Friday, January 8, 2010

Let it snow, Let it snow, Let it snow!!

The view outside our sliding door. I just shoveled all the snow away yesterday, and it looks like I didn't even touch it! It's hard to tell, but that's about 4 feet of snow.


Global warming is in full swing, as Omaha braces for the worst winter/storms in recent history! Forecast for today, high of -1, low of -25 with windchill reaching near -40! Omaha hasn't seen temps this low in over one hundred years. Snow, snow and more snow! Everyone here seems to be experiencing the winter blues and can't wait for this season to be over. De-icing the car, constantly shoveling the walkways and around the car, driving on icy roads, snow days where everything shuts down, below zero temperatures and the wind that just cuts right through you.

But me? I LOVE it! My recent trip home made me realize that the weather in California, yes is beautiful, but is boring! Come on, the same temperature year round? Where's the fun in that? People warned me about the cold, the snow and the winter here, thinking I couldn't handle it since I'm a beach girl. But after a few weeks in 65 degree 'winter' I couldn't wait to get home to a real winter!

There really is something magical about living in a place that actually experiences the four seasons. The winter is a time to slow down, cuddle up under a blanket while the snow is quietly falling outside the window. A time to relax, and not feel guilty about it.

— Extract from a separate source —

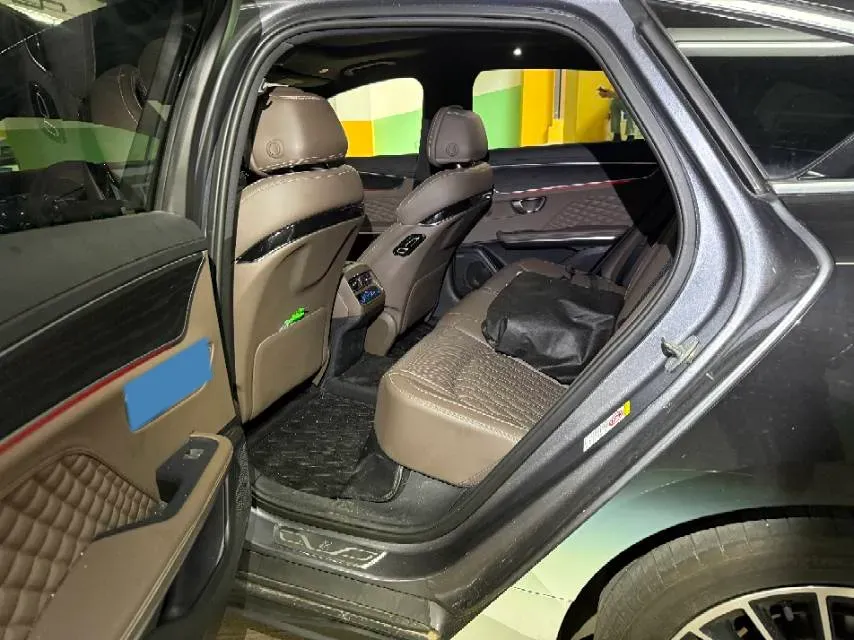 2022 Volkswagen Tiguan L 2.0T 186HP L4 7DCT,autocango,china used car exporter,china ev exporter,chinese used car exporter,chinese used ev exporter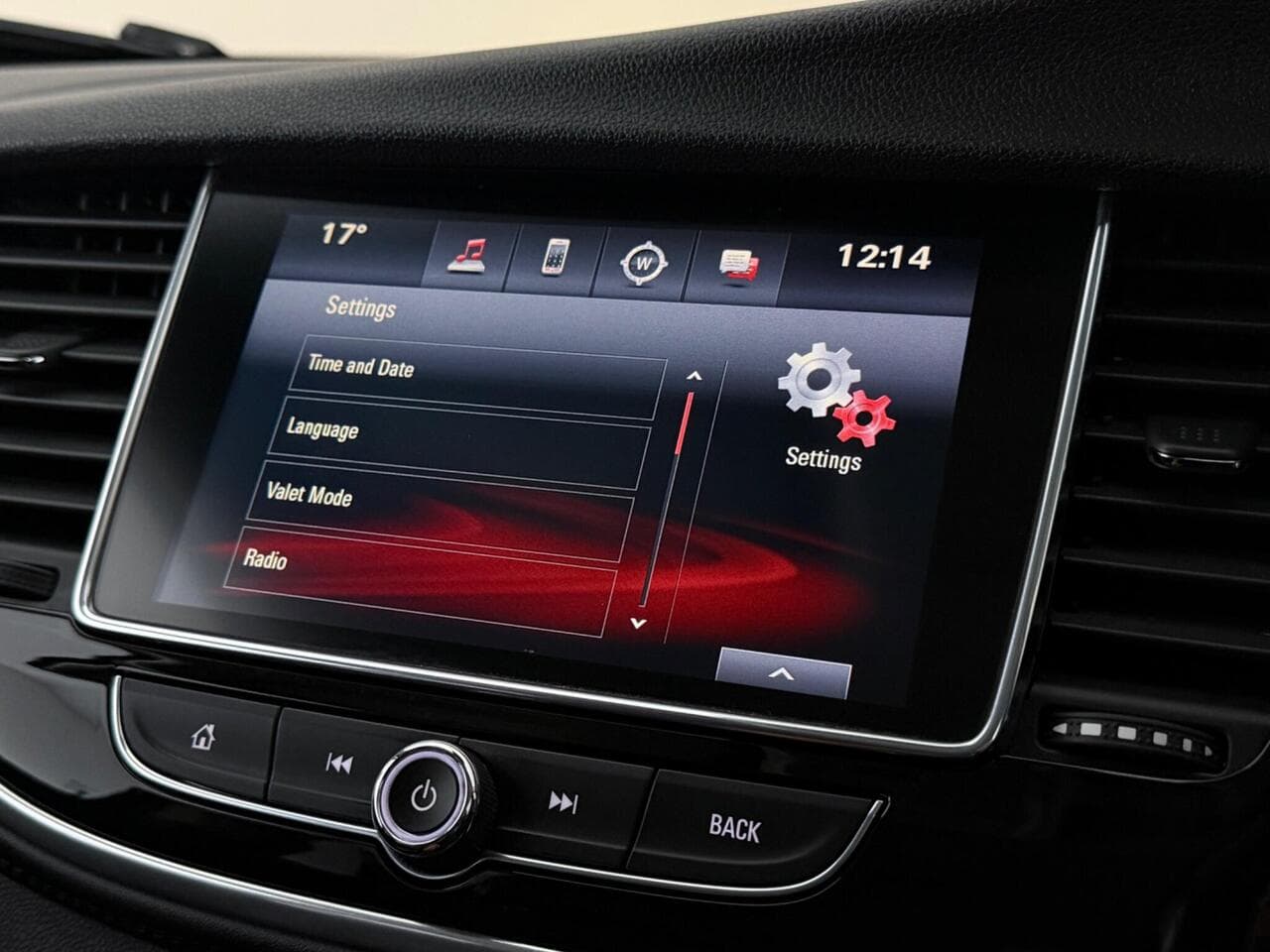 Vauxhall Mokka X thumbnail Infotainment System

If it's 65 degrees in January, who is going to feel o.k. about lazying around all day? No one. We need times of activity and work, but we can't underestimate the importance of stopping. Pack on a couple of winter pounds and hibernate. It's wonderful. When summer hits and the sweat commences, I'm going to be thankful that it won't last forever. As for this cold weather, it's charming, especially since I know spring and summer are right around the corner. No one season lasts more than a few months, keeping people on their toes. We are at the mercy of the weather, forced to face whatever gets thrown our way.

Yesterday, the snow fell continually all day. Stunning. Clean. Lovely. Today, the wind is forcefully moving that snow all over the place. Tomorrow, more snow. Michael Buble is singing through my speakers. The window shades are wide open. Coffee is sitting next to me. Bundled up, I watch in fascination.


Winter


Fall

Sunday, January 3, 2010

Going Home

My visit 'home' has come to an end, and yet it is far time for me to go home. It's funny. When I am here, in California, I refer to Omaha as home. When I am in Omaha, I refer to California as home. California will always be home, but at the moment, I have a wonderful replacement. At any rate, my new home is calling and I can't wait to get back there. It seems like a terrible thing to say to people, 'Geez, I can't wait to get out of here and get back home!'. It sounds like I can't stand all these people and can't get away from them fast enough, so an explanation needs to follow each time I express my longing for home. Then again, it's also a real good sign that I am missing this new home of mine. It shows that I made the right move, (literally!), and a sign of my new-found happiness. If I didn't want to go back, well then, that would not be a good situation!

People were visited. Sights were soaked in. Parties were attended. All in all, mission accomplished. In many ways, this visit showed me that it feels like I never left. That I was here all along. The stores are all the same. My friends haven't changed. And so many other regularities I can always count on. Instead, I feel that I have changed. I am the one with new surroundings, new stories, new friends, all of which go along with my dialogue. Maybe those that I came back to visit are having a harder time adjusting to the 'new' me. This 'new' me that isn't able to be an integral part of the California 'scene'. As a result, I worry about slipping out of my friends lives, not because of hard feelings, but because I am just not around for all the little daily moments. After all, it's the little things that make up life. So, I am fighting hard to stay current on everyone's little moments in an attempt to latch on to my life here. To ensure that I don't abandon this life I have grown up in and built. Let's be honest though. Even if I wanted to 'lose' these people, I wouldn't be able to. And that's the best part about it!

So, off I go. Home. Back to a true winter, full of snow, ice and cold. Time to lock down a job. Time to start living! See you some other time California!